The Stirling Prize, British architecture's equivalent of the Booker, will be announced at a televised beano at London's old Billingsgate fish market tonight. The arcaded halls will hum with febrile expectation. But of what? Is this British architecture at the cutting edge, or trapped in a carefully stage-managed and institutionalised view of good design in the 21st century?
There are six buildings in the running: the Fuglsang Kunstmuseum, Denmark, by Tony Fretton Architects; Maggie's Centre, London, and the Bodegas Protos winery in Spain, both by Rogers Stirk Harbour + Partners; the Liverpool One Masterplan by BDP; 5 Aldermanbury Square, London, by Eric Parry Architects; and Kentish Town Health Centre, London, by Allford Hall Monaghan Morris.
The Booker distils internationally outstanding fiction into a shortlist through a lengthy and rigorous critical process. By comparison, the Stirling's shortlist, though not bare of fine architecture, seems largely an exercise in constrained worthiness, tainted this year by pathetically huffy charges of manipulation concerning the judging panel. The Prince of Wales, accused of similar interference over the Chelsea Barracks development, must be dunking his Duchy Highland All Butter Shortbread into the steaming Assam with unusual pleasure.
The Stirling Prize, first awarded in 1996, has lost its potency. Its shortlists have become decent, rather than battle cries for buildings whose relationships between people and places are genuinely exploratory. Where is the architectural joy – or risk?

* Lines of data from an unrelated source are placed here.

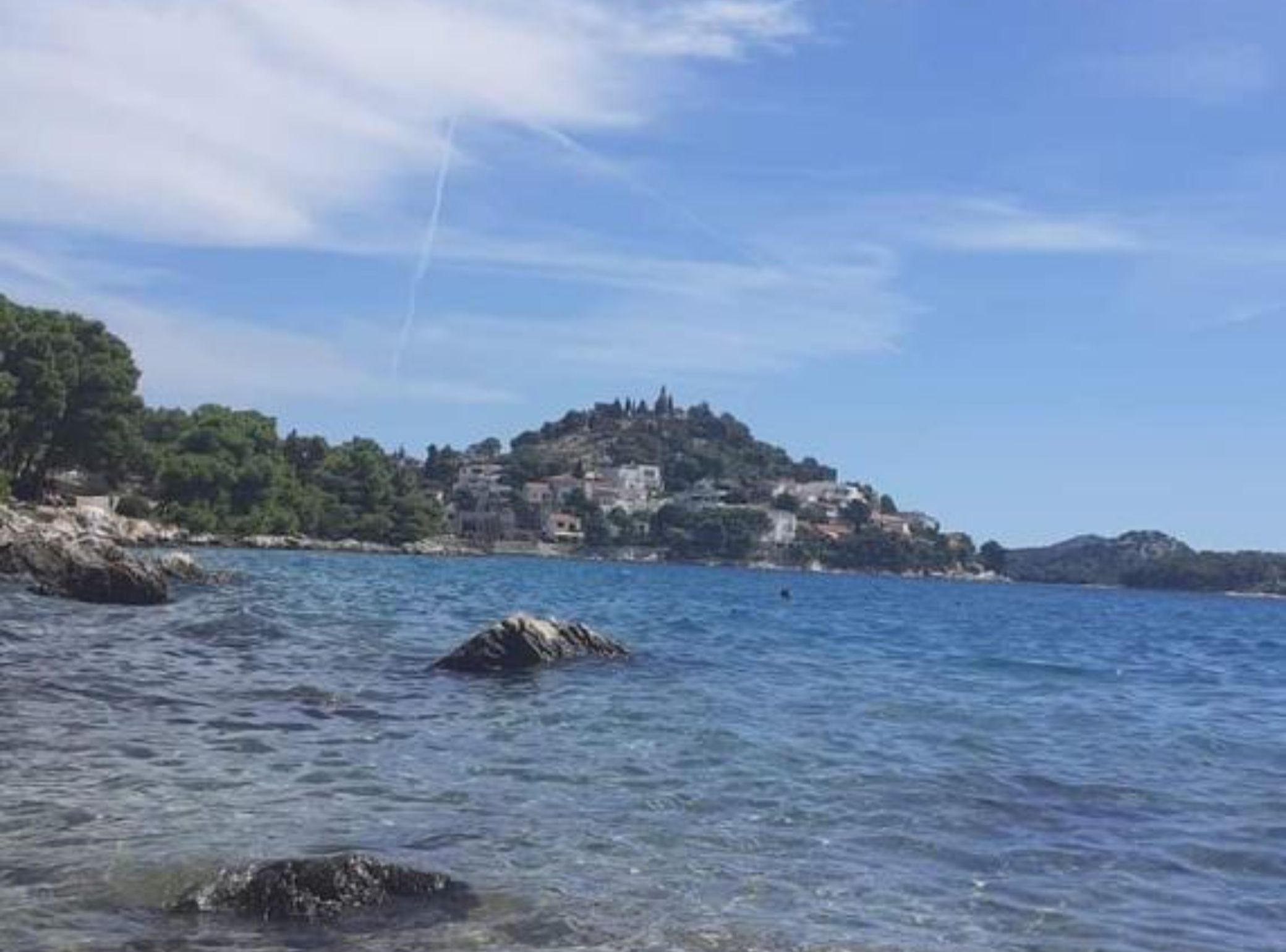 A coastal view with a rocky shoreline, clear blue water, and a hilltop with buildings.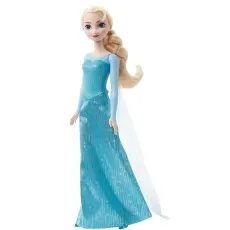 A full-body product photo of the Elsa doll, standing in her blue dress with a shimmering skirt and sheer cape.
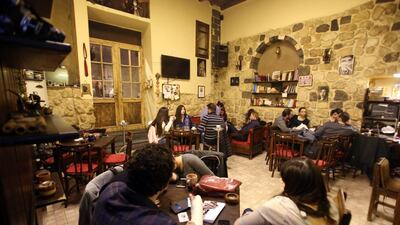 Syrians take advantage of a truce negotiated by the world powers to gather at a coffee shop in Damascus. Louai Beshara / AFP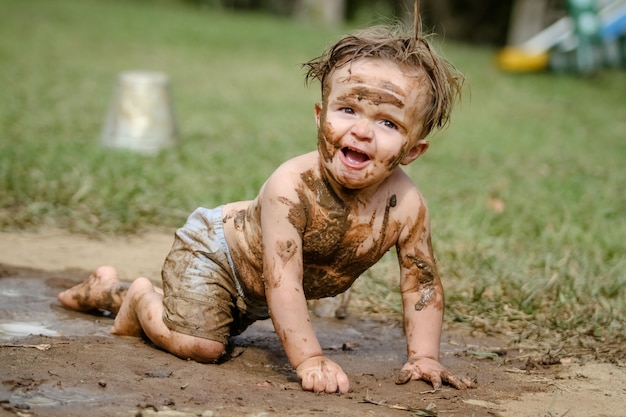 Фото Милый ребенок играет в грязи с ведром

Where is the buzz that proclaims that British architects are seriously challenging the zeitgeists and physiques of our towns and cities?
The Stirling is awarded to "the building which has made the greatest contribution to British architecture in the past year". But if you asked 50 of Britain's most talented younger architects which buildings these were, most would surely cite projects, and architects, from other parts of the world as their inspirations. The Stirling Prize shortlist has rarely, for example, contained a building of such urban, spatial and material brilliance as the Kolumba Kunstmuseum in Cologne by Peter Zumthor. The Swiss designer is a hero to many of Britain's most thoughtful young architects, but the only architects on the 2009 Stirling shortlist who have comparable status in this respect are Eric Parry and Tony Fretton. They are architectural explorers. They take risks.

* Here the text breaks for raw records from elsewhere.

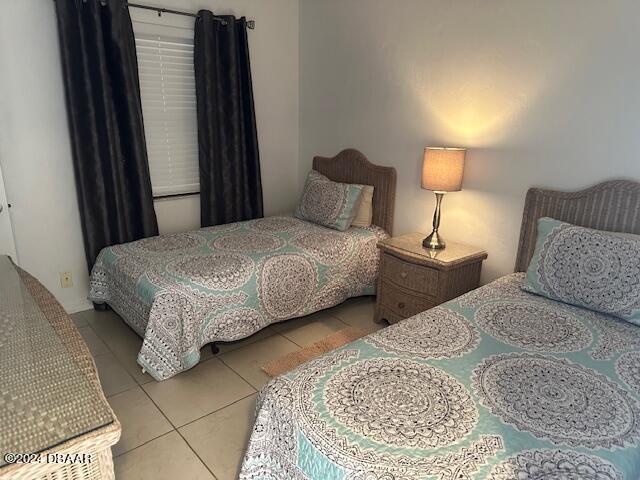 bedroom with light tile patterned floors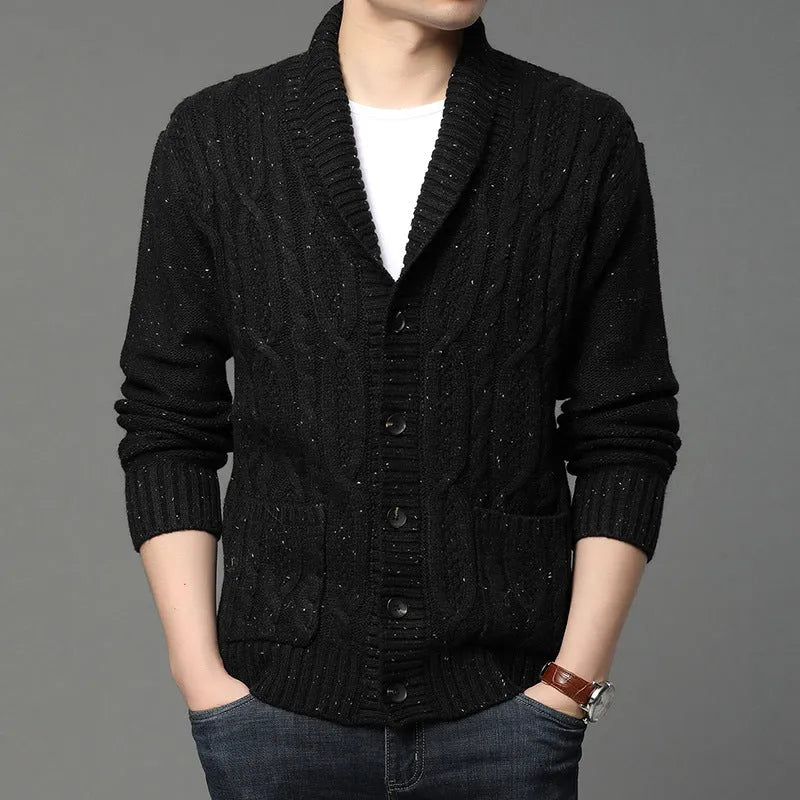 Man wearing a black Korean-style jacquard patterned knitted cardigan jacket.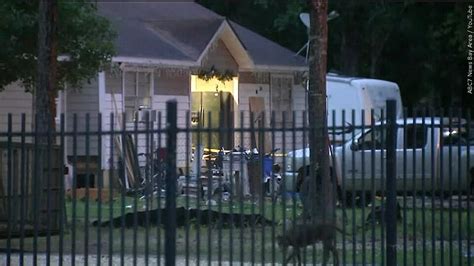 Sheriff tells AP the wife of man suspected of killing 5 neighbors, including a 9-year-old boy, has also been arrested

Parry's ability to untangle the complexity of historic sites and urban situations and layer 21st-century presence into them with artistry and subtly surreal provocation is unmatched in Britain. On a horribly herniated site in the City, Parry's Aldermanbury Square building may be an office tower, but it's richly engaging. Fretton, a burly and taciturn ex-performance artist, has become legendary for pared-down surfaces and details that create strangely tense confrontations between people and spaces: his interiors might almost be stage sets from a existential crisis filmed by Ingmar Bergman. It takes a brave architect to strip away comforting details and set up scenes that question the very meanings of space, surface and physical narrative – a compelling subject in a world dominated by controlled "public" realms, surveillance, and branding.

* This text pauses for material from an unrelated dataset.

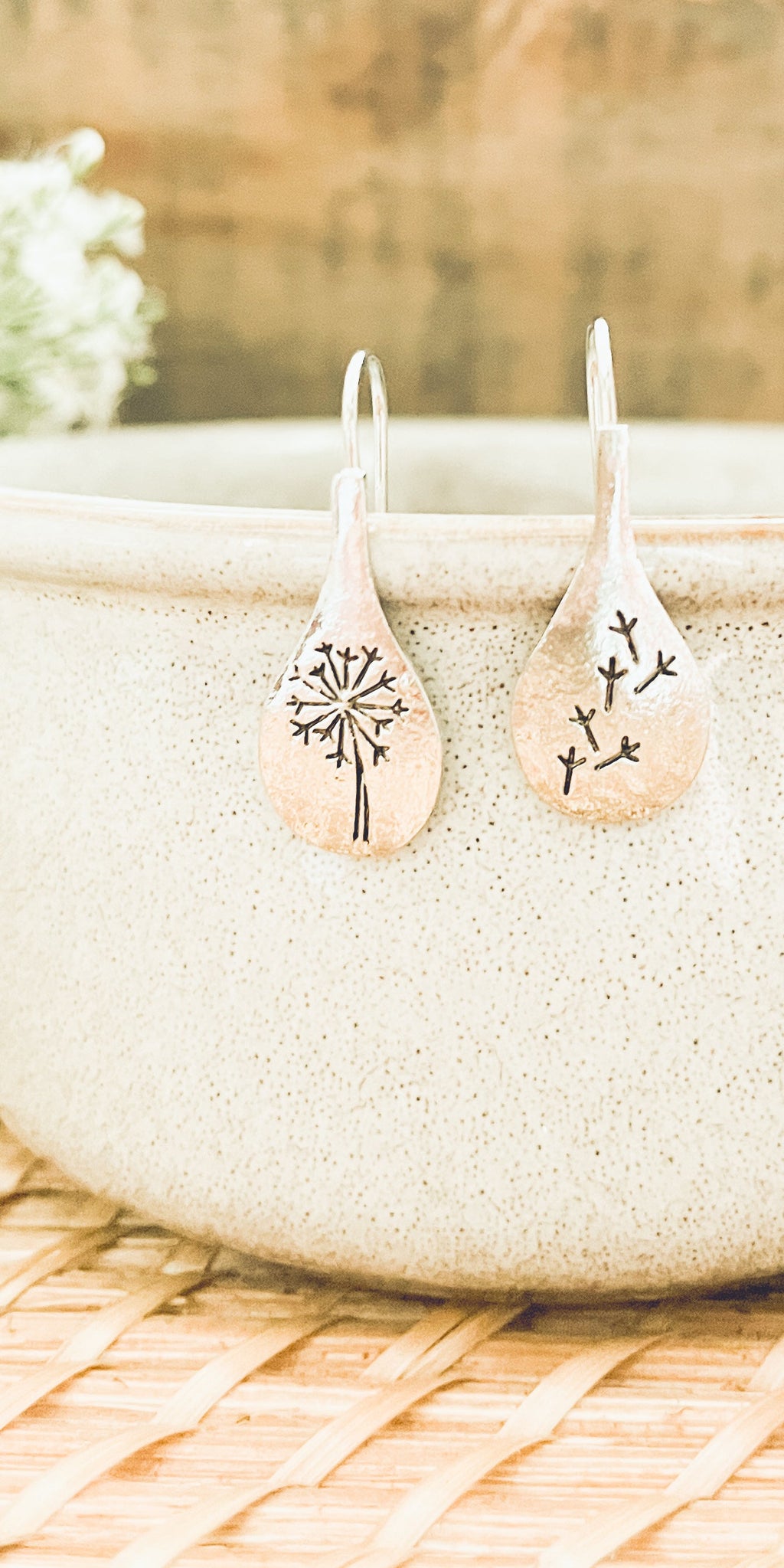 Pair of earrings with floral designs on a stone surface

No major architectural risks are taken in the other projects in the Stirling Prize shortlist. The Liverpool One regeneration scheme may be great news for comfortably off shoppers from Cheshire and the Wirral, but why celebrate architecture that promotes nomadic wandering in our urban habitats, from one mirage of special offers to the next, soundtracked by the deadly bat-wing whirr of ATM machines?
Rogers Stirk Harbour's Protos winery in Spain, and their Maggie's Centre, a support unit for cancer patients at Charing Cross Hospital, London, are highly accomplished modernist buildings. But the extraordinary structural virtuosity of the winery almost belongs in a vast display case; and despite the calm elegance of its spatial connections, the Maggie's Centre has the unmistakable ambience of an architect's dream home in Fulham Palace Road.
Kieran Long, the editor of The Architect's Journal, skewered these two projects, describing them "as a vote of confidence in poor, beleaguered millionaire Richard Rogers, after being beaten up by Prince Charles in recent months". This predictably choleric barb obscures the key issue, and he's closer to the mark when he says that the Stirling Prize shortlist has "everything to do with the jury being given a bit of everything".
And in the "bit of everything" stakes, the Kentish Town Health Centre, designed by Allford Hall Monaghan Morris is the exemplar. AHMM have become one of the most shrewdly positioned operators among Britain's younger practices. They perfectly suit clients who want creative-looking buildings by personable architects who aren't suddenly going to start quoting Heidegger, or wondering if a building could embody William Blake's vision of the reunion of the body and the soul.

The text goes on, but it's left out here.